Seu coração disparou, suas mãos tremulas abriram a porta do carro e suas pernas caminharam até a porta, arrastando as malas entrou pela porta tomando coragem para levar a vida que sempre lutara contra.
Desse em dia em diante, sua vida era cheia de falsas noites de glamour, la dizia que era modelo, universitária, atriz e tantas outras mentiras, até que pela ironia do destino acabara se tornando uma das prostitutas mais procuradas pelos empresários e politicos da cidade.
Aconteceu de um desses políticos apaixonar-se por Bia e pedi-la em casamento. Como já fazia dois anos que estava nessa vida, sabia que esse trabalho não duraria por muito mais tempo, além de que, ela nunca havia se apaixonado por ninguém, resolveu aceitar o pedido e constituir sua própria família.
Casou-se, teve dois filhos e apesar de não amar seu marido, levava uma boa vida. Viaja sempre que se sentia deprimida para onde quisesse, cuidar das crianças era sua alegria. Havia até dispensado a babá para dedicar-se mais a elas. Poucas vezes ela visitava sua familia mas quando isso acontecia era tratada como uma rainha, em sua cidade natal era praticamente uma "celebridade". Quem diria que a garota que não prestava escutaria um dia seu pai dizer a todos que Bia era o orgulho da familia.
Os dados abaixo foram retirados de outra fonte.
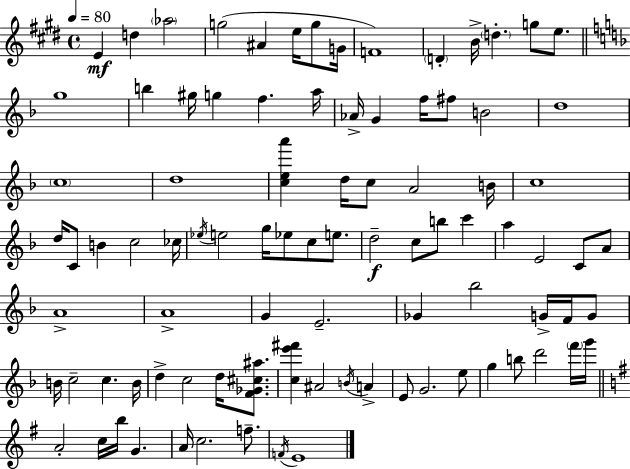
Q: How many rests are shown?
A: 0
Todas as vezes em que participava desses cenas mediocres, sentia-se enojada e tinha certeza de que tinha escolhido o caminho certo. Não por ter conseguido admiração de maneira fácil e sim por devolver a toda aquela gente a mesma falsidade.
Em seus pensamentos, a única coisa que tinha certeza, era a de jamais contaminar seus filhos com toda aquela hipocrisia. Lembrou-se da frase que havia lido quando ainda cursava o ensino médio e que nunca se esqueceu:
"Duas coisas que me enchem a alma de crescente admiração e respeito, quanto mais intensa e frequentemente o pensamento dela se ocupa: o céu estrelado sobre mim e a lei moral dentro de mim."²
Então, sorriu e foi embora sem olhar para trás.